WHAT IS REQUIRED = In the answer, transcribe exactly the lines from the beginning of the material through the line holding "Volkswagen T-Roc 2019 — фото 24", and skip every picture.

*** Opening of THE INPUT ***

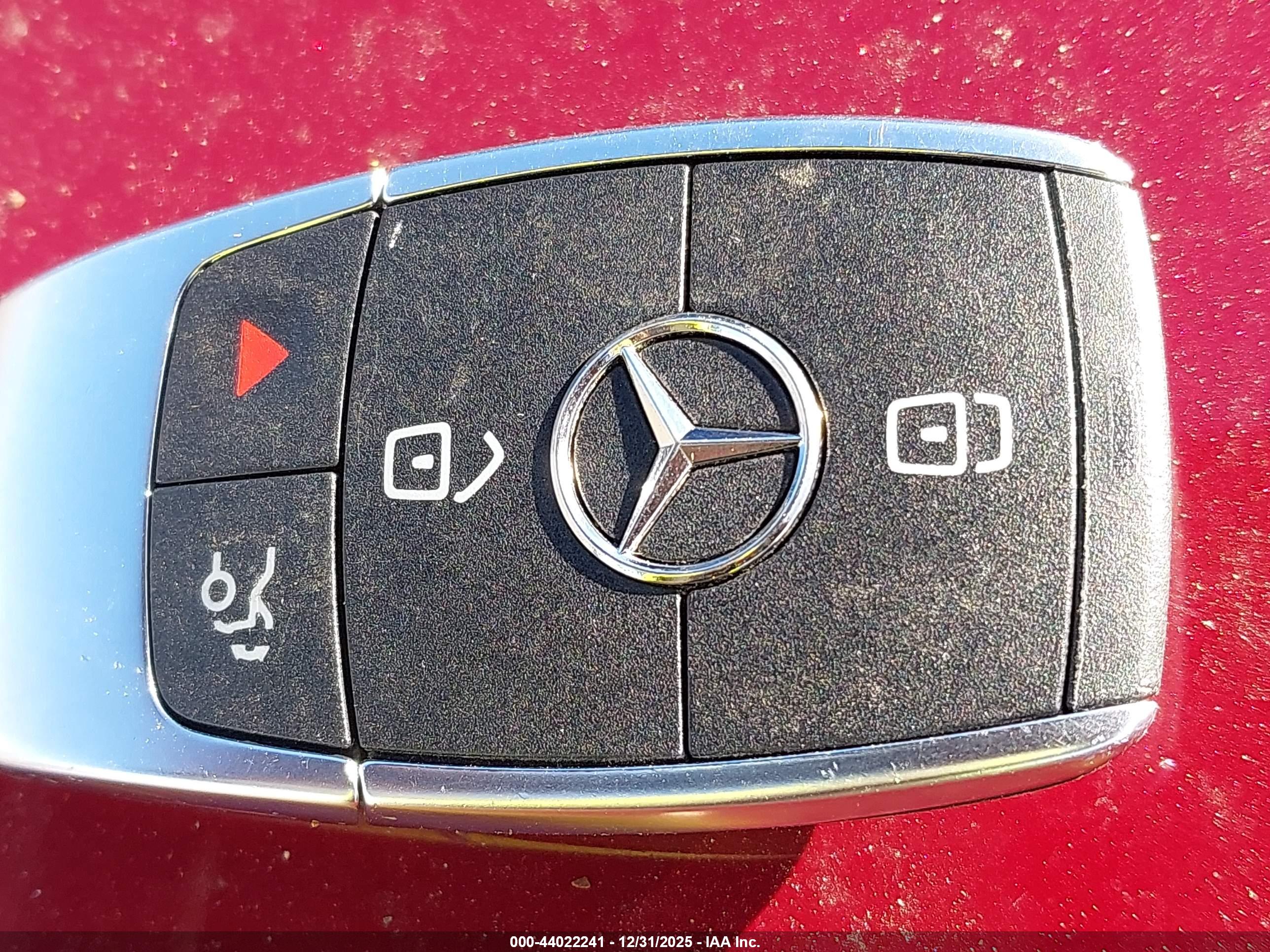 MERCEDES-BENZ GLB image 11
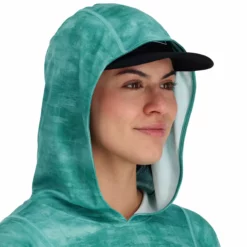 Simms Women's Challenger Solar Hoody -Simms || Orvis || Patagonia Sales 2023 231 simms womens challenger solar hoody gulf blue daze 02 scaled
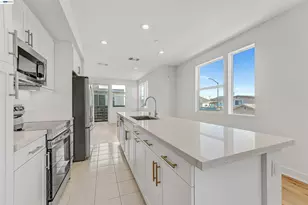 3933 Wattling St, Oakland, CA 94601 - Photo 13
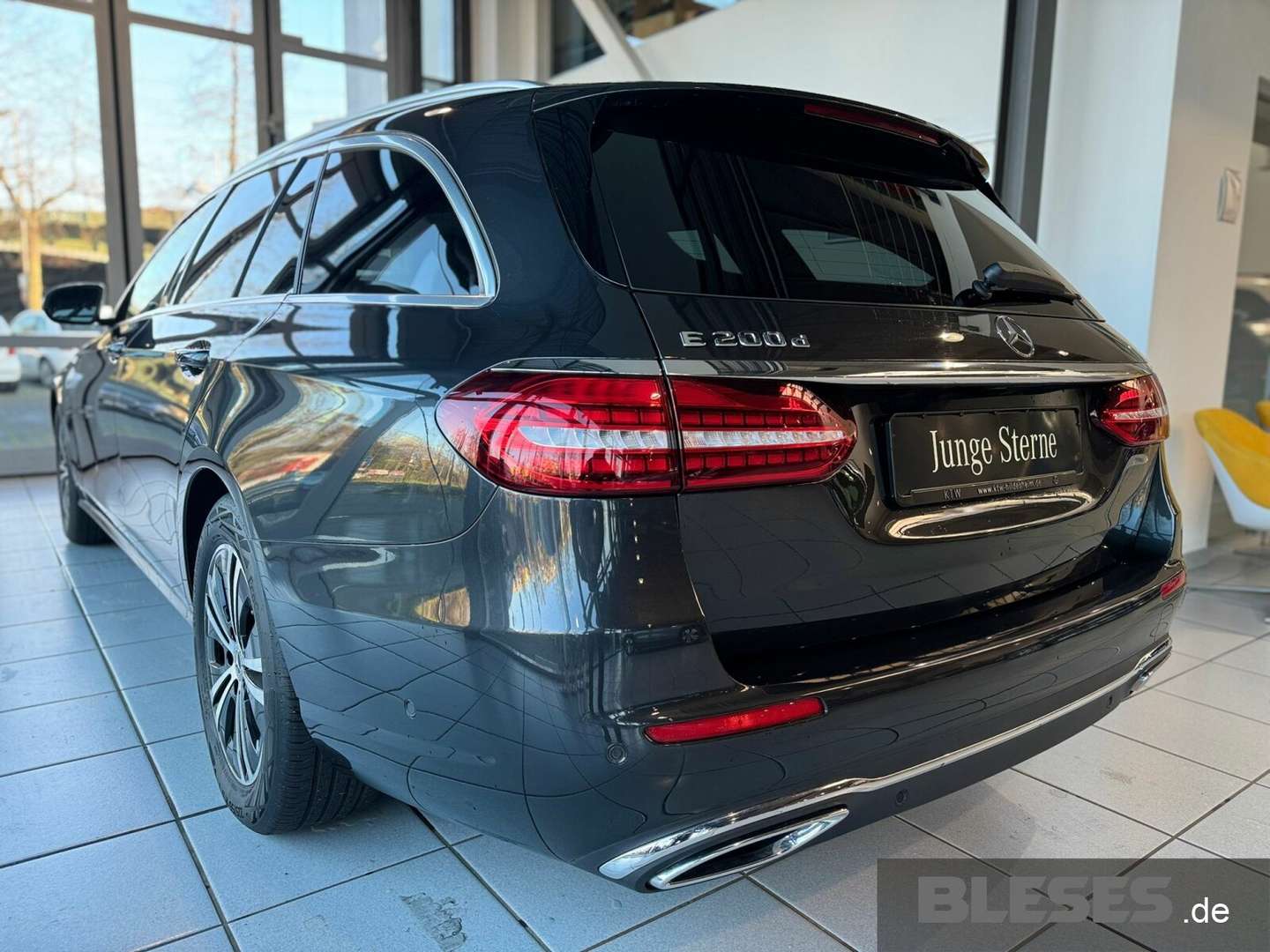 Mercedes Classe E 200 Avantgarde - 2023 - Joinsteer - #2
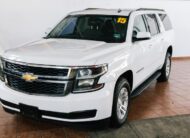 SUBURBAN LT V8 AUT 2015 4X2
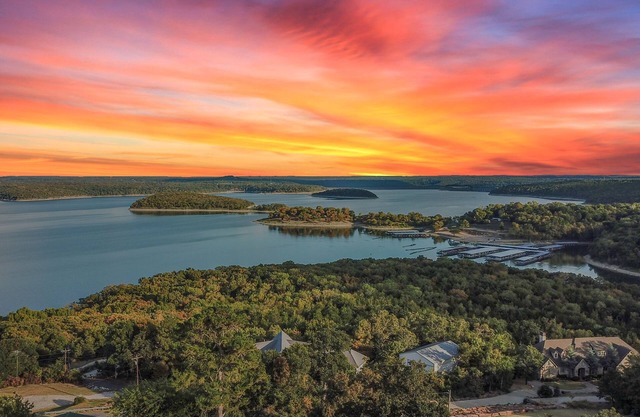 Lake Tenkiller Retreat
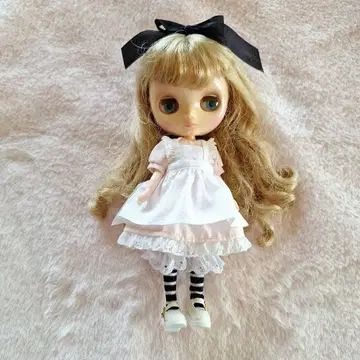 미디 브라이스 아웃핏 앨리스풍 핑크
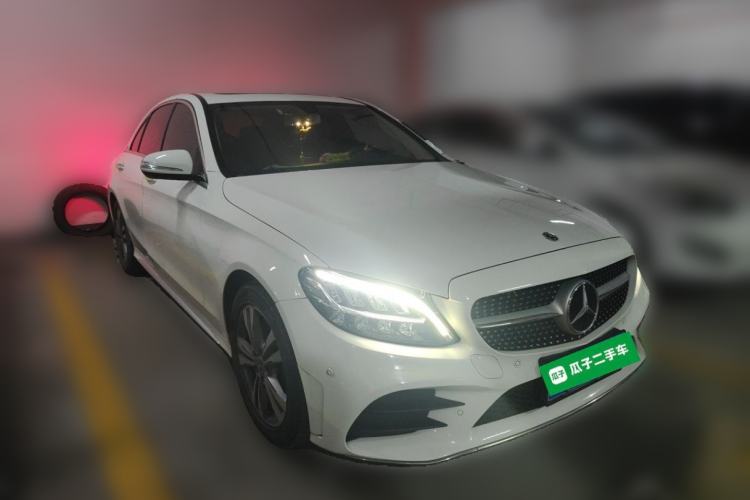 Used Mercedes-Benz C-Class 2020 Updated C 200 L Fashion Edition Front Right 45 Deg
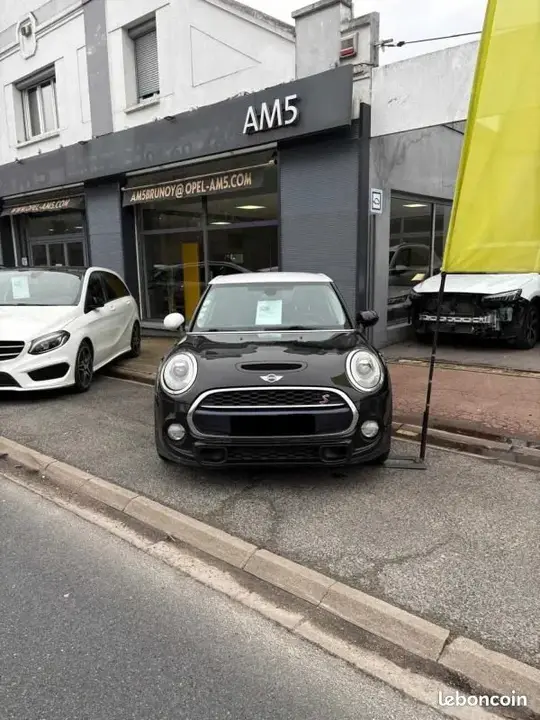 Mini Cooper 2015 photo 2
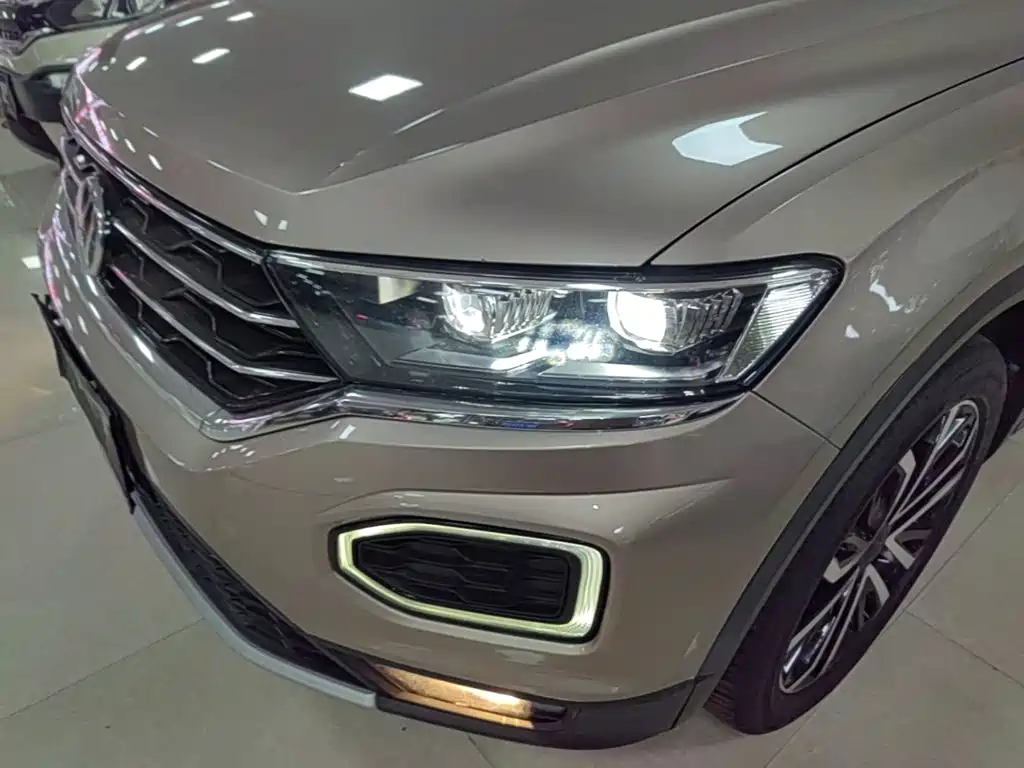 Volkswagen T-Roc 2019 — фото 24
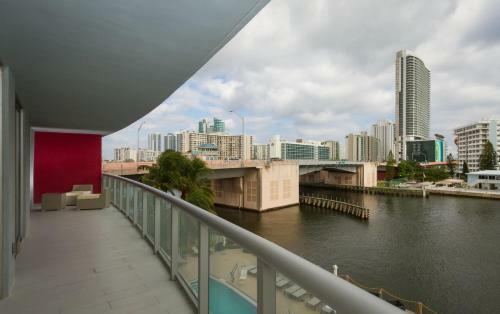 Apartamento Beachwalk Resort - Luxurious & Spacious 3/3 Condo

*** Close of THE INPUT ***

SOLUTION =
 MERCEDES-BENZ GLB image 11
 Simms Women's Challenger Solar Hoody -Simms || Orvis || Patagonia Sales 2023 231 simms womens challenger solar hoody gulf blue daze 02 scaled
 3933 Wattling St, Oakland, CA 94601 - Photo 13
 Mercedes Classe E 200 Avantgarde - 2023 - Joinsteer - #2
 SUBURBAN LT V8 AUT 2015 4X2
 Lake Tenkiller Retreat
 미디 브라이스 아웃핏 앨리스풍 핑크
 Used Mercedes-Benz C-Class 2020 Updated C 200 L Fashion Edition Front Right 45 Deg
 Mini Cooper 2015 photo 2
 Volkswagen T-Roc 2019 — фото 24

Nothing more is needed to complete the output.